Kompas.com - 20/11/2015, 17:29 WIB

DENPASAR, KOMPAS.com — Para turis asing yang mengunjungi Bali biasanya memilih menggunakan bahasa Inggris untuk berkomunikasi dengan warga lokal.

Selain itu, terkadang beberapa turis asing telah menguasai bahasa Indonesia dan menggunakan bahasa tersebut untuk berkomunikasi di Bali.

Karena itu, penduduk di Bali biasanya menggunakan dua bahasa itu untuk berbicara dengan turis atau wisatawan.

Namun, sebuah desa yang berada di sebuah hutan di wilayah utara Bali menggunakan bahasa unik yang lebih sulit dipahami.

Orang asing dan penduduk Bali menyebutnya "kata kolok", bahasa yang tidak pernah diucapkan.

Kata kolok dikenal sebagai "pembicaraan orang tunarungu", sebuah bahasa yang sangat unik, bahasa isyarat pedesaan, berbeda dengan bahasa isyarat internasional atau Indonesia.

Bahasa isyarat ini sudah menjadi bahasa utama yang digunakan warga Desa Bengkala yang berada di hutan utara Bali Bengkala secara turun-temurun.

Di Bali, banyak penduduk lokal menyebut Desa Bengkala sebagai "Desa Kolok" atau "Desa Tuli".

Di Bengkala, jumlah penduduk tunarungu berjumlah lebih banyak dibandingkan orang yang terlahir normal selama lebih dari tujuh generasi terakhir.

Tercatat, sekitar 3.000 orang penduduk desa mengalami tunarungu sejak lahir.

Jumlah tersebut sangatlah banyak. Sebagai perbandingan, dari 1.000 kelahiran bayi di Amerika Serikat, hanya dua hingga tiga anak yang terlahir tunarungu.

Tingginya persentase tunarungu disebabkan oleh gen resesif geografis-centric, yang disebut DFNB3, yang telah hadir di desa selama lebih dari tujuh generasi.

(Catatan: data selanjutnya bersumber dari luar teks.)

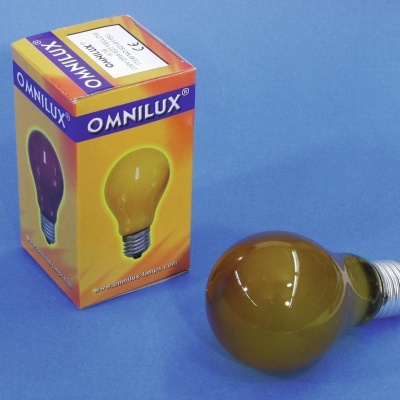 Lâmpada amarela e caixa do produto OMNILUX em fundo azul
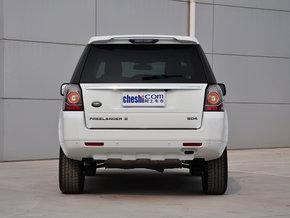 路虎 2.2T 自动 车辆正后方尾部视角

Selama bertahun-tahun, penduduk desa percaya tuli itu hasil dari kutukan.

 

"Cerita yang terkenal adalah bahwa dua orang dengan kekuatan sihir berperang satu sama lain dan kemudian mengutuk satu sama lain untuk menjadi tuli," kata Ida Mardana, Kepala Desa Bengkala, yang bisa berbahasa Bali, Indonesia, Inggris, dan kata kolok.

Ia mengatakan, arti dari Bengkala adalah tempat bagi seseorang untuk bersembunyi.

Di Desa Bengkala, para penduduknya sudah terbiasa dengan gaya hidup orang tunarungu. Di seluruh desa, semua warga berbicara dengan menggunakan tangan mereka.

Para orangtua di Desa Bengkala mengajari anak-anak mereka kata kolok di rumah, menanamkan benih kesetaraan yang akan tumbuh ketika anak-anak mereka dewasa.

Begitu juga di sekolahan. "Siswa tunarungu belajar bersama-sama dengan mendengar siswa di sini," kata Mardana.

"Guru berbicara sekaligus menggunakan bahasa isyarat pada saat yang sama sehingga hampir semua orang tahu kata kolok," ujarnya.

Untuk mata pencaharian, mayoritas penduduk di Desa Bengkala merupakan petani pisang, mangga, jambu, pencari rumput gajah, dan merawat beberapa sapi dan babi serta ayam.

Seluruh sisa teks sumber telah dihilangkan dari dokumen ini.